Southeastern Section - 64th Annual Meeting (19–20 March 2015)

Paper No. 39
Presentation Time: 8:00 AM-12:00 PM

MICROSTRUCTURAL EVIDENCE OF CYCLIC HYDRAULIC AND CATACLASTIC BRECCIATION IN A DILATIONAL FAULT ZONE, JERVOIS RANGE REGION, CENTRAL AUSTRALIA


FOWLER, Alicia, Program for the Study of Developed Shorelines, Western Carolina University, Cullowhee, NC 28723 and WATERS-TORMEY, Cheryl, Geosciences & Natural Resources, Western Carolina University, Cullowhee, NC 28723, amfowler4@catamount.wcu.edu

Hydraulic and cataclastic (fault) brecciation are important processes influencing fault zone strength and mineralization. However, outcrop and microstructural studies of single-event breccia zones have yet to establish microstructural criteria distinguishing between these two brecciation processes, which is important in assessing whether both occurred to form one breccia zone.

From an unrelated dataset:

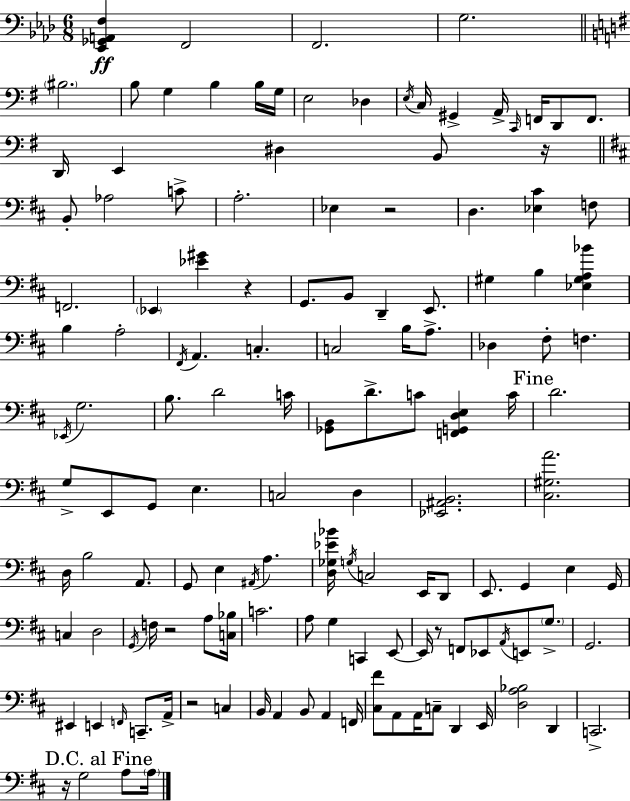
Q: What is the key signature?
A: F minor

The Jervois Range region of central Australia has experienced Proterozoic mineralization involving hydrothermal remobilization, making it an ideal area to study the structural setting of brecciation and possibly associated mineralization. NW-SE striking fault breccia zones originated during Neoproterozoic intracontinental basin formation and currently dextrally offset Paleozoic basin strata. Slickenlines plunge gently NW and SE. Oblique quartz dikes adjacent to, and truncating against, the breccia zones with tension gash geometry indicate dextral shear. The fault zones contain hematite-quartz breccia, with no clasts of host rocks observed. The breccia zones are characterized by fine-grained, purple-red (hematite rich) domains, cm- to dm-scale clasts, and cm-scale discontinuous quartz veins. Locally, across gradients perpendicular to the zone boundaries, the percentage of fine-grained material increases as the average clast size decreases.

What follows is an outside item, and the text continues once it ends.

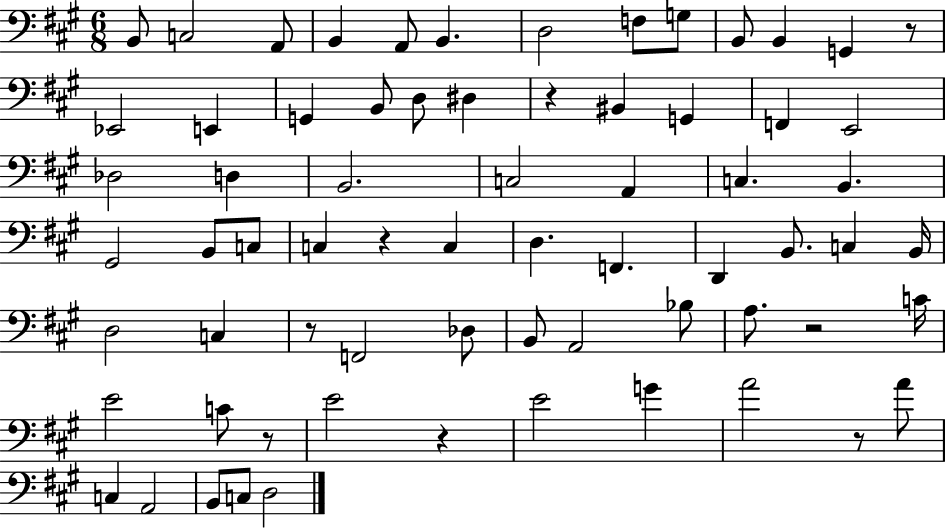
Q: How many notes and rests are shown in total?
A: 69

Representative breccia samples have been used to catalog microstructures indicative of cataclasis or hydraulic brecciation and cross-cutting relationships between them. Microstructural relationships within the clasts include (1) white quartz matrix containing clasts of fine-grained hematite-rich domains and (2) fine-grained hematite-rich matrix containing white quartz clasts. The hematite-rich domains are overall finer grained and contain smaller quartz clasts, a texture similar to fault zone gouge. Discontinuous veins observed in the field are dilational antitaxial quartz veins. These microstructures are tentatively interpreted to represent (1) hydraulic brecciation, (2) cataclastic brecciation, and (3) static crystallization in veins. Since clasts include each of these relationships, at cm- and m-scale, this in addition to field relationships are all interpreted to represent cycles of both brecciation processes in a dilational shear zone.